In the first few weeks of his captivity, after first demanding, then begging the locals to release him, Jumpei becomes more creative in his efforts to escape. He ties up the widow to keep her from shoveling. He envisions revitalizing Tottori as a tourist attraction. He brainstorms ideas for agriculture, like tulips and peanuts, which will both grow in sand. He threatens to tear the house apart to build a ladder. He forms a makeshift grappling hook and braids a cloth rope in hopes of climbing out.

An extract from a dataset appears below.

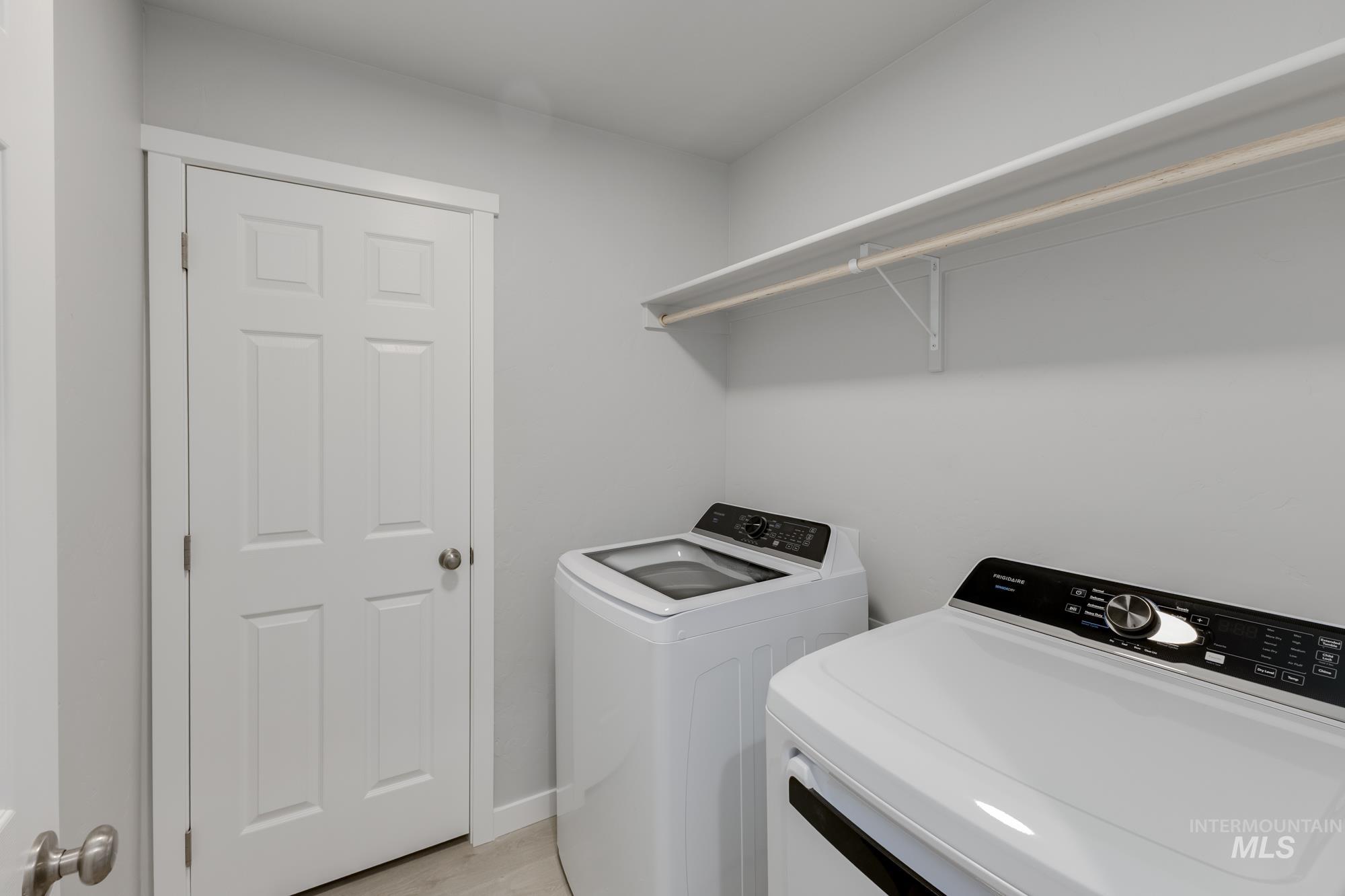 117 Caribou St, Horseshoe Bend, Idaho 83629, 3 Bedrooms, 2.5 Bathrooms, Residential For Sale, Price $317,990,MLS 98962443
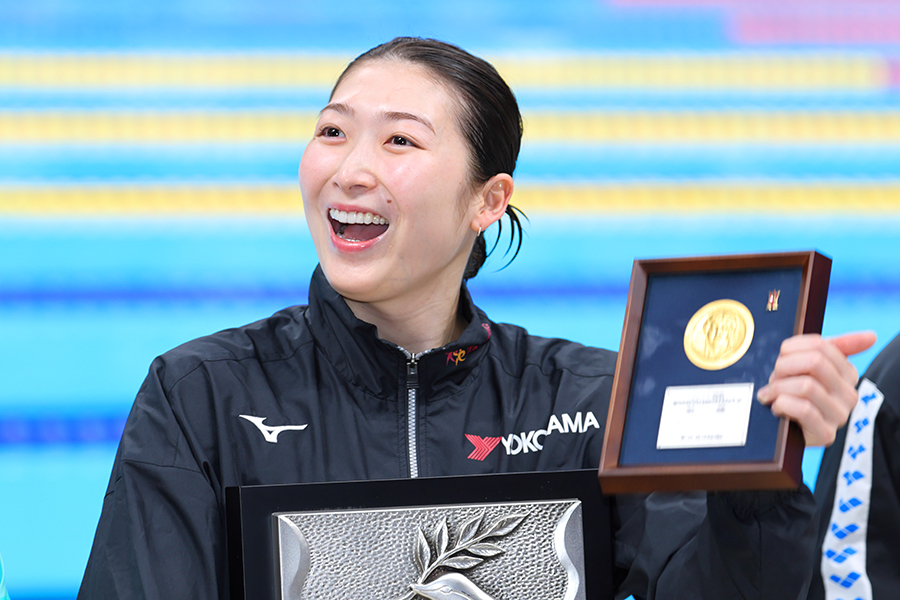 女子100メートルバタフライで2大会ぶり6回目の優勝を果たした池江璃花子【写真：西村尚己/アフロスポーツ】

He even tries to trap a crow to use as a messenger for an S.O.S. All to no avail.

Over time, Jumpei settles into the widow's routine, sleeping by day, shoveling sand by night, eagerly awaiting the weekly rations of food, water, whiskey, and cigarettes, which arrive by pulley, wrapped in a newspaper. As the seasons come and go, Jumpei comes to know the widow, beginning with the obvious question: Why doesn't she just let the sand engulf her house and walk away. To which she replies that her husband and daughter were buried there by a sandstorm, and she knows no other way of life. "If it weren't for the sand, no one would even bother about me."

But as one might expect, Jumpei and the widow share more than conversation in their sandy confines. Nature takes its course, and when the widow becomes pregnant and begins to suffer complications, it seems that Jumpei may finally get his chance to escape from this tender trap.

For all its stark simplicity, Woman in the Dunes is an existential masterpiece. The search for meaning within the archetypal struggle of Man versus Man, Man versus Nature, and Man versus Himself, is revealed through potent symbolism, illuminated by transcendent black-and-white cinematography that captures in micro-detail the textures and contours of this strangely sandy and forbidding world. And the provocative juxtaposition of a dutiful widow resigned to her fate, and an unrelenting scientist with a gnawing desire to leave his name in the history books, ultimately shows that hope springs eternal from even the most barren landscape.